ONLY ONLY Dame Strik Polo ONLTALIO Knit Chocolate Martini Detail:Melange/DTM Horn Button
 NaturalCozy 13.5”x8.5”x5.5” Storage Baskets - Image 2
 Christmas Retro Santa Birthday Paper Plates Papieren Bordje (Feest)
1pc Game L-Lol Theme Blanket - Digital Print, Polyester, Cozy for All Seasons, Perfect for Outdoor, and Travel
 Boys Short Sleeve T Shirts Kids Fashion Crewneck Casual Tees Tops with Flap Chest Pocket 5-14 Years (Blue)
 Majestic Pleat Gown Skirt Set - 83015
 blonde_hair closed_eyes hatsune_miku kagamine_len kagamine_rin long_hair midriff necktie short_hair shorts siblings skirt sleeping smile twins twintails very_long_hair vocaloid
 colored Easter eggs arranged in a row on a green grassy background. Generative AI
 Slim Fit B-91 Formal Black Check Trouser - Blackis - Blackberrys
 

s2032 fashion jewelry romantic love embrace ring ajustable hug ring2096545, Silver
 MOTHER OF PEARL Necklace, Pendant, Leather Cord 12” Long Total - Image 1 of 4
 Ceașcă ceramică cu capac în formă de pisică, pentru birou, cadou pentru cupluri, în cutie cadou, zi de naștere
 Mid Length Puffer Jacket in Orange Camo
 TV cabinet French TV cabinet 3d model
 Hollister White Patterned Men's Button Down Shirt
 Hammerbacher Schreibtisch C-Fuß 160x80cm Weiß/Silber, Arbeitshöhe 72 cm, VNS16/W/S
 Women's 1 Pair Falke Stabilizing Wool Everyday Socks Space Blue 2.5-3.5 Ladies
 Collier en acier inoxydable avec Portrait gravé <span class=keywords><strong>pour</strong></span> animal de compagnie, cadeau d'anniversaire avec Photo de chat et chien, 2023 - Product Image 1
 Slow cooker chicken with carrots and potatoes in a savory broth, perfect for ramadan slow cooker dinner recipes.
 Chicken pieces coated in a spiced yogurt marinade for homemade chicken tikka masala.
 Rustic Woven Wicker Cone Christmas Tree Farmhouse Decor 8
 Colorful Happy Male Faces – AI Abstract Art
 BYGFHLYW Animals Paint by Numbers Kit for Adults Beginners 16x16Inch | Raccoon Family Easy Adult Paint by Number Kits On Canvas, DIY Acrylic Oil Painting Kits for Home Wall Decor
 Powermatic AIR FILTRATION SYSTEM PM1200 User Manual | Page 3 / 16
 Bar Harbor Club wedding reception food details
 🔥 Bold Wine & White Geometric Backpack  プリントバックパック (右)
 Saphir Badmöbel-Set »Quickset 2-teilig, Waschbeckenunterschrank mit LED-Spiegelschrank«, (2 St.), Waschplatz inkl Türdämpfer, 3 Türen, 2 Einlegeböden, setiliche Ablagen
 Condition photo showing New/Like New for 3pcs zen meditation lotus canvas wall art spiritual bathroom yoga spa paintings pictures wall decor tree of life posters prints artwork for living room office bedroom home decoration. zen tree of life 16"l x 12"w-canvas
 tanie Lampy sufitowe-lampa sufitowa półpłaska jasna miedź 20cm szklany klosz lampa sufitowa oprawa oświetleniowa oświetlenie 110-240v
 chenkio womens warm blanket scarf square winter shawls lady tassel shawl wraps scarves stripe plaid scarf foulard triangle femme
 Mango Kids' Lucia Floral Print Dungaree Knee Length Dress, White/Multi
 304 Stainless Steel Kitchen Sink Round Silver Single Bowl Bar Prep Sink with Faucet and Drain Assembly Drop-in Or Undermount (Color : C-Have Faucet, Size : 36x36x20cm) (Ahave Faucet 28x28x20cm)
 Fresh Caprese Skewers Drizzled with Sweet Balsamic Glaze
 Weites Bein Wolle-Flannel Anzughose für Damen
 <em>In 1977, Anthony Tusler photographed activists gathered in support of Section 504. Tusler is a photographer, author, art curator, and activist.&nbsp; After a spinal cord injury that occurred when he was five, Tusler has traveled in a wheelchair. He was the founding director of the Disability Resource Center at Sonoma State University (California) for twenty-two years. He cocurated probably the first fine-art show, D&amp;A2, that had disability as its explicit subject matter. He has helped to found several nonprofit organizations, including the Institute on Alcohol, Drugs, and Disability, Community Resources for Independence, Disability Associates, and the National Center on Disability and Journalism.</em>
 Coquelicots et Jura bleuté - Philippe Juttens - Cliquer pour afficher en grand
___
§ **Work item**
Once you find the line with "Baskets - Image 2" above, print it and every line after it up to and including the line with "Majestic Pleat Gown Skirt Set - 83015", exactly as written and nothing else.

§ **Task response**
 NaturalCozy 13.5”x8.5”x5.5” Storage Baskets - Image 2
 Christmas Retro Santa Birthday Paper Plates Papieren Bordje (Feest)
1pc Game L-Lol Theme Blanket - Digital Print, Polyester, Cozy for All Seasons, Perfect for Outdoor, and Travel
 Boys Short Sleeve T Shirts Kids Fashion Crewneck Casual Tees Tops with Flap Chest Pocket 5-14 Years (Blue)
 Majestic Pleat Gown Skirt Set - 83015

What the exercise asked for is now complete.